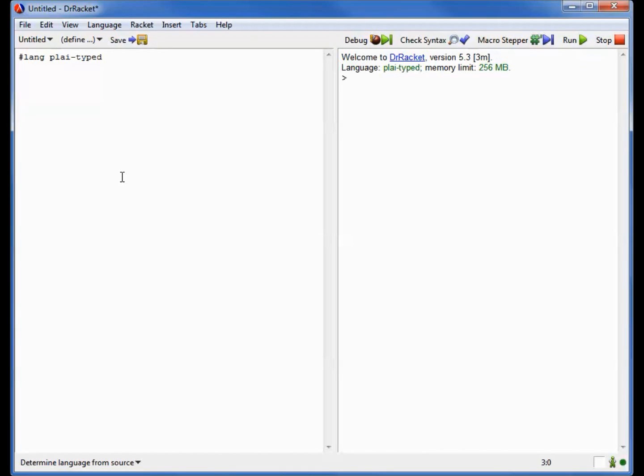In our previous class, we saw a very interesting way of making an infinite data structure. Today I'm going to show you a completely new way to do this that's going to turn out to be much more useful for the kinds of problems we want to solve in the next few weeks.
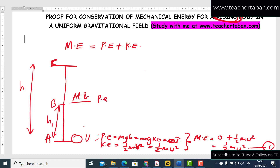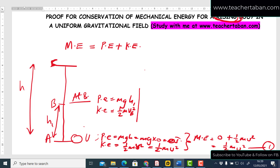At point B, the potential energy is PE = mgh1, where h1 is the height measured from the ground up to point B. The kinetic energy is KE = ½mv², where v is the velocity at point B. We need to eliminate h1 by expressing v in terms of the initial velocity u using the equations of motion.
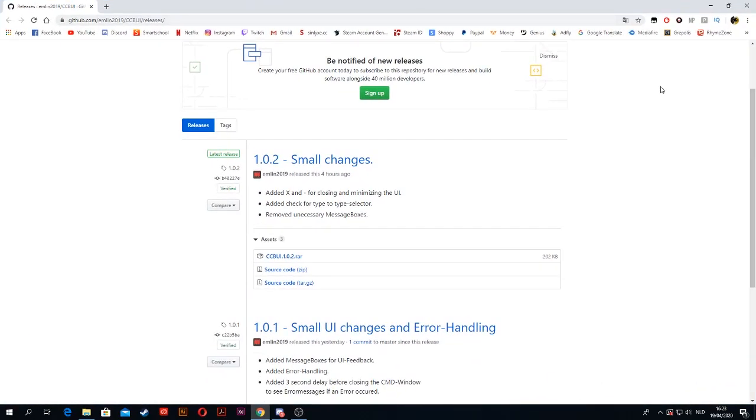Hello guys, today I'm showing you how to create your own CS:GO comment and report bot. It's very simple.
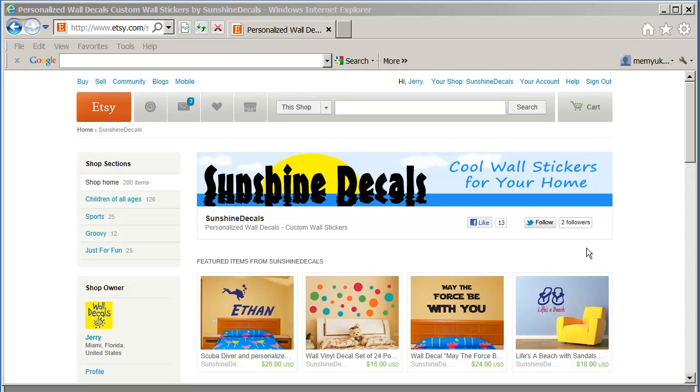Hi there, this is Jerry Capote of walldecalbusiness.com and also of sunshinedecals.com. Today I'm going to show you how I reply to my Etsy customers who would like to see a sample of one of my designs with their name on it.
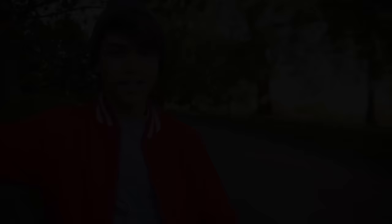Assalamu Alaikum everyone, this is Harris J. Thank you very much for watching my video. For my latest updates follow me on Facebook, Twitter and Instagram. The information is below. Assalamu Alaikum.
-*-
▸ Problem requirements
Restate word for word the lines running from the one with "Hello guys, today" to the end of the entries; pictures are to be left out.

▸ Response
Hello guys, today I'm showing you how to create your own CS:GO comment and report bot. It's very simple.
Hi there, this is Jerry Capote of walldecalbusiness.com and also of sunshinedecals.com. Today I'm going to show you how I reply to my Etsy customers who would like to see a sample of one of my designs with their name on it.
Assalamu Alaikum everyone, this is Harris J. Thank you very much for watching my video. For my latest updates follow me on Facebook, Twitter and Instagram. The information is below. Assalamu Alaikum.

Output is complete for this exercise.